Aigles qui passez sur nos têtes, Allez dire aux vents déchaînés Que nous défions leurs tempêtes Avec nos mâts enracinés. Qu'ils montent, ces tyrans de l'onde, Que leur aile s'ameute et gronde Pour assaillir nos bras nerveux ! Allons ! leurs plus fougueux vertiges Ne feront que bercer nos tiges Et que siffler dans nos cheveux !
Fils du rocher, nés de nous-même, Sa main divine nous planta ; Nous sommes le vert diadème Qu'aux sommets d'Éden il jeta. Quand ondoiera l'eau du déluge, Nos flancs creux seront le refuge De la race entière d'Adam, Et les enfants du patriarche Dans nos bois tailleront l'arche Du Dieu nomade d'Abraham !
C'est nous quand les tribus captives Auront vu les hauteurs d'Hermon, Qui couvrirons de nos solives L'arche immense de Salomon ; Si, plus tard, un Verbe fait homme D'un nom plus saint adore et nomme Son père du haut d'une croix, Autels de ce grand sacrifice, De l'instrument de son supplice Nos rameaux fourniront le bois.

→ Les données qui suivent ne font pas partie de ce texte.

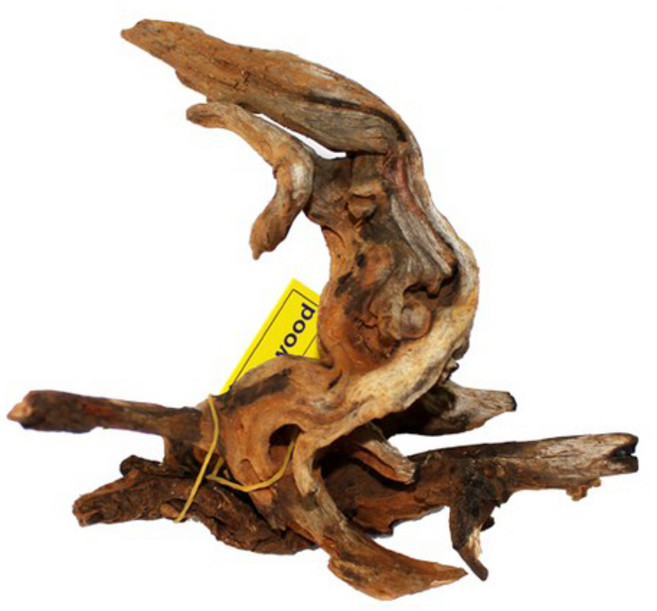 샘아쿠아 프리미엄 와일드 유목, 1개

En mémoire de ces prodiges, Des hommes inclinant leurs fronts Viendront adorer nos vestiges, Coller leurs lèvres à nos troncs. Les saints, les poètes, les sages Ecouteront dans nos feuillages Des bruits pareils aux grandes eaux, Et sous nos ombres prophétiques Formeront leurs plus beaux cantiques Des murmures de nos rameaux.